The group of us are informed that we are not to represent our constituencies as Conservative candidates for parliament, but instead must run along to the nearest targeted seat and start delivering leaflets, which for me is many miles away. The secret programme is called the 40/40 plan, oddly similar in name to a game I used to play in my childhood during the seventies. I thought I was sacrificing my career for the party; I get the impression that on the contrary, I am lucky to be asked to volunteer my services in another seat.
What about the people of my constituency or my team and association?” I bleat. I am assured that “we’ve been doing this for 22 years and we know what we’re doing”. I manage to stop myself remarking that we haven’t won an election for that precise period of time either, and perhaps the coincidence needed exploring a little more.
I call my Chairman from outside the office. The Thames looks angry, and I feel a little that way myself. My Chairman answers after one ring – she has clearly been expecting my call. She asks if it was encouraging – I lie, and say very. I say that we are doing well and must continue down our current path. Why do I lie?
Because she doesn’t deserve that. There is clearly a disconnect here. The stoic soldiers in the ssociations are battling on for their town, but unless it fits the National Plan – whatever that is this time – they cannot expect any support from the party they go out and argue for, take abuse for and represent proudly every day. This won’t end well, I tell myself – that’s how you hollow out support.

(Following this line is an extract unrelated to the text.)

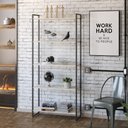 Ver imagem 2 de Estante Livreiro Multiuso Dynamica Industrial 80cm 5 Prateleiras C08 Snow - Mpozenato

Perhaps the charmless kids know best. They do speak to me as if I have no idea about anything because I haven’t done ‘time’ in the party (is it prison?!). It worries me that I have thrown my lot in with a rather ruthless set who are perhaps not focused on promoting compassionate Conservative values, but almost exclusively on grabbing power. Is this the Nasty Party that I’ve heard of but don’t believe really exists?

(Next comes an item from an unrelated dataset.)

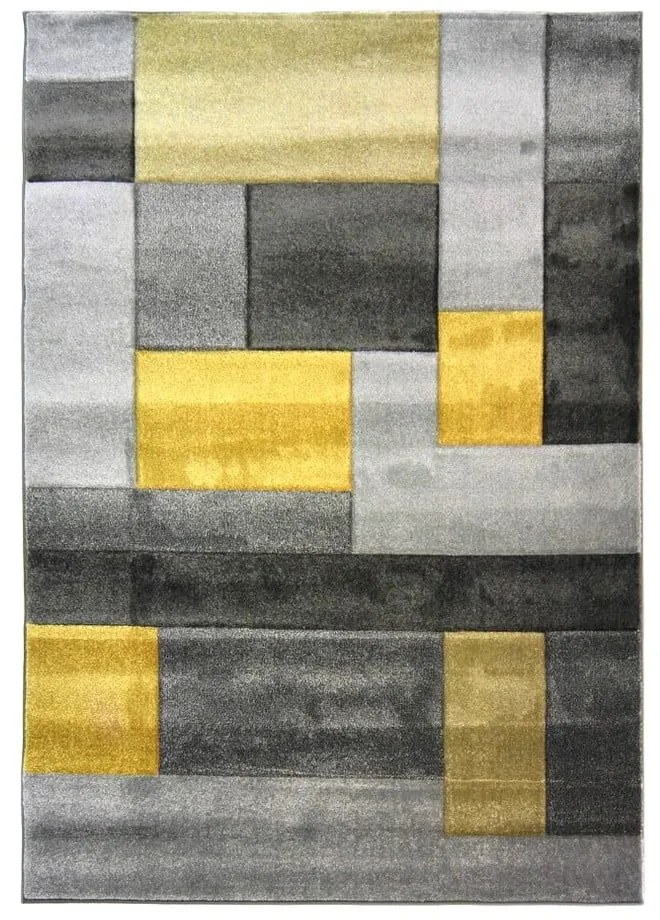 Covor Flair Rugs Cosmos, 80 x 150 cm, gri - galben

I’m confused, because I’ve met some fantastic people in the party on this journey too, who are the complete opposite of this, and they far outweigh the breed I met today. I’ve met those who work tirelessly to support Conservative candidates, endlessly pound the streets every weekend and genuinely care for societal change for the better. It is clearly a broad church, but the fabric that holds it together are the associations, and the foot-soldiers. It’s not hard to work out that it’s them who should be driving this particular train, not the other way round. Perhaps it is going through a phase – membership has never been so low.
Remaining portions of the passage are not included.